● **TASK DESCRIPTION**:
Without including any images, please transcribe all the lines below exactly.

● **COLLECTED MATERIAL**:
BEGIN

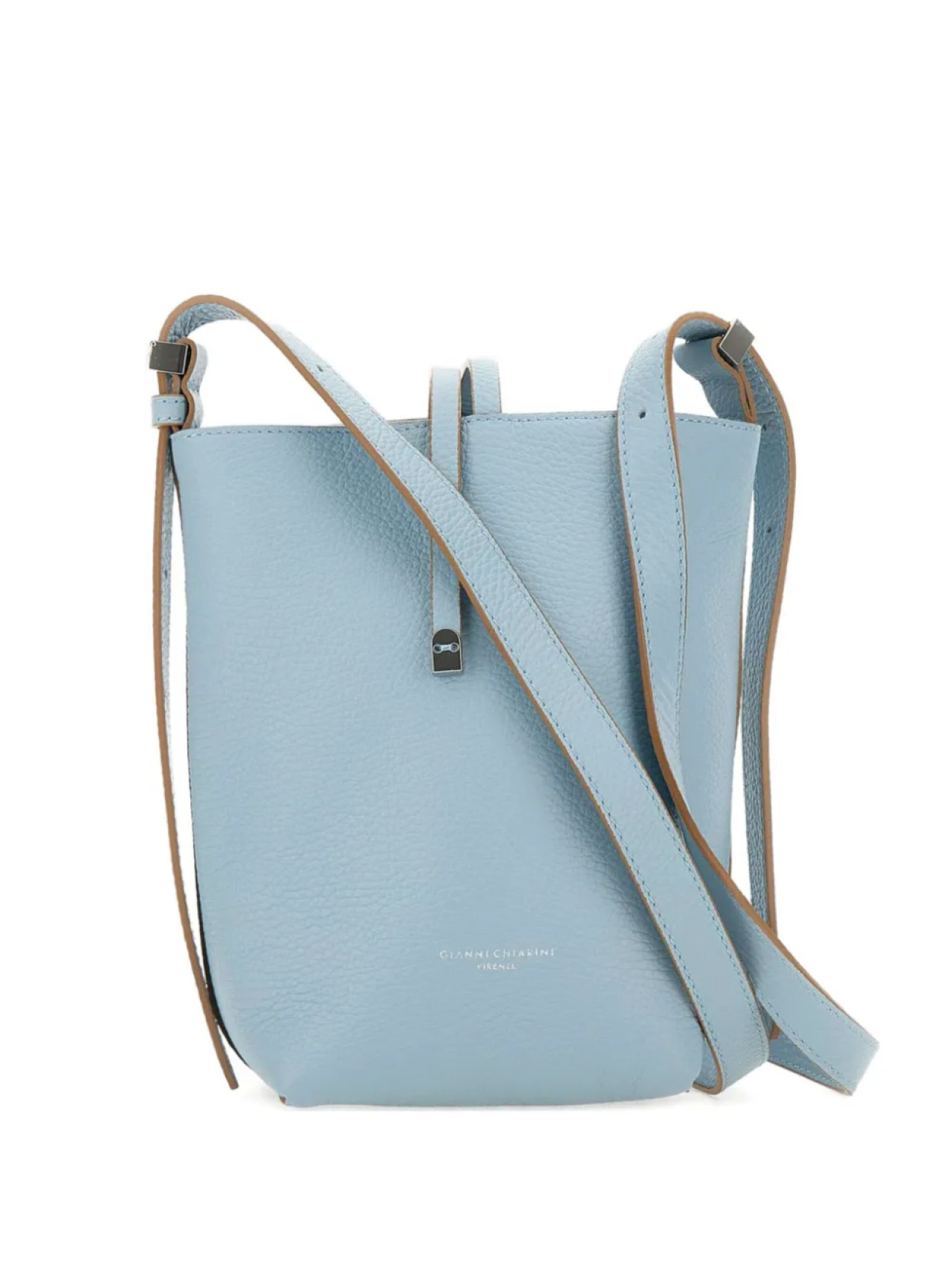 

GIANNI CHIARINI сумка на плечо Amelia, синий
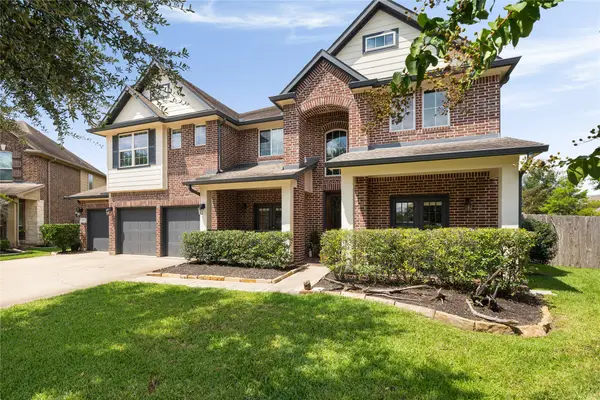 30109 Canton Farms Court, Brookshire, TX 77423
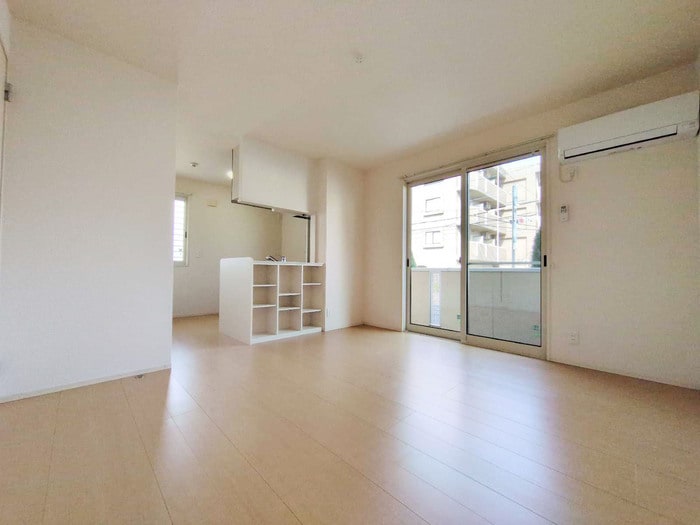 フォルトゥーナの物件内観写真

END

● **RESULT FOR THIS TASK**:
GIANNI CHIARINI сумка на плечо Amelia, синий
 30109 Canton Farms Court, Brookshire, TX 77423
 フォルトゥーナの物件内観写真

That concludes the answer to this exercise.